**What needs to be done**
Below is a listing. Return the lines from the one that contains "trio of pumpkins against a black background" to the one that contains "Fish sketch collection.", both ends included, verbatim and with no pictures.

**Available data**

--*--

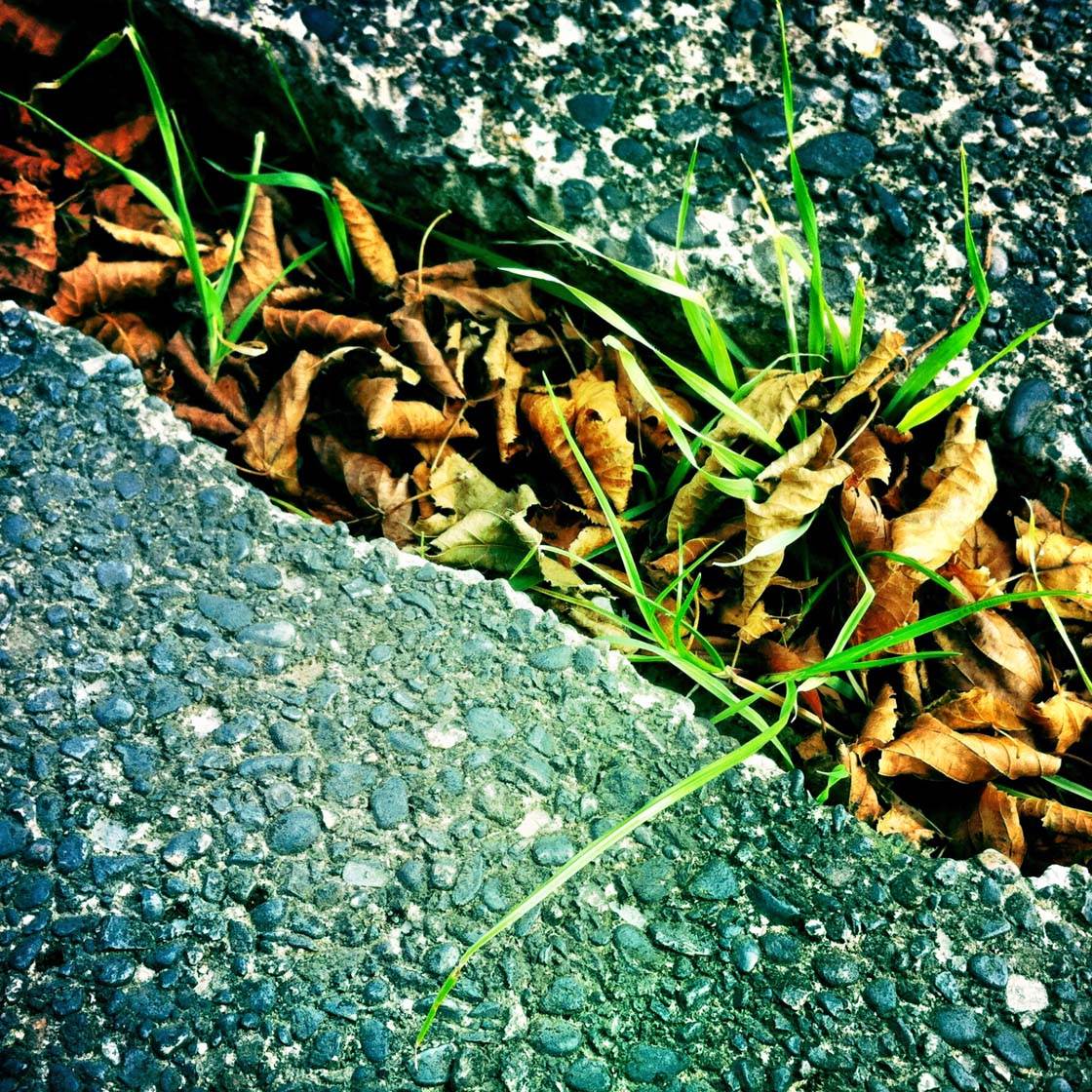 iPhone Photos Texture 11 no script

--*--

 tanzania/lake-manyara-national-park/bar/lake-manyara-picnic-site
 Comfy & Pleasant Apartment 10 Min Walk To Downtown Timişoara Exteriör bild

--*--

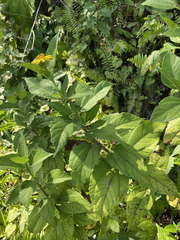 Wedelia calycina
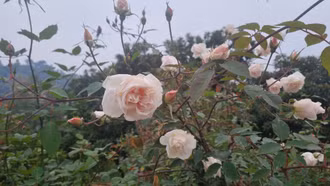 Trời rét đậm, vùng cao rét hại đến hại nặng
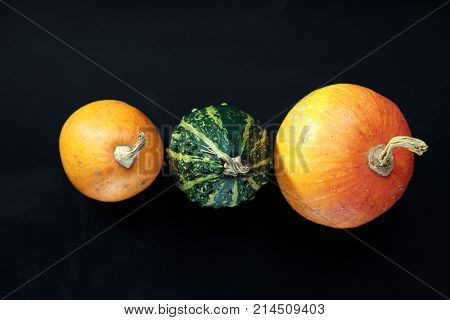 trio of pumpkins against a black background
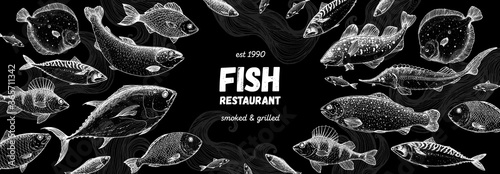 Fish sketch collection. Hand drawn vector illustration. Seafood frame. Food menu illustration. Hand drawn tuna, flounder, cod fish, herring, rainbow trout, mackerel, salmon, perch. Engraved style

--*--

**Written reply**
 trio of pumpkins against a black background
 Fish sketch collection. Hand drawn vector illustration. Seafood frame. Food menu illustration. Hand drawn tuna, flounder, cod fish, herring, rainbow trout, mackerel, salmon, perch. Engraved style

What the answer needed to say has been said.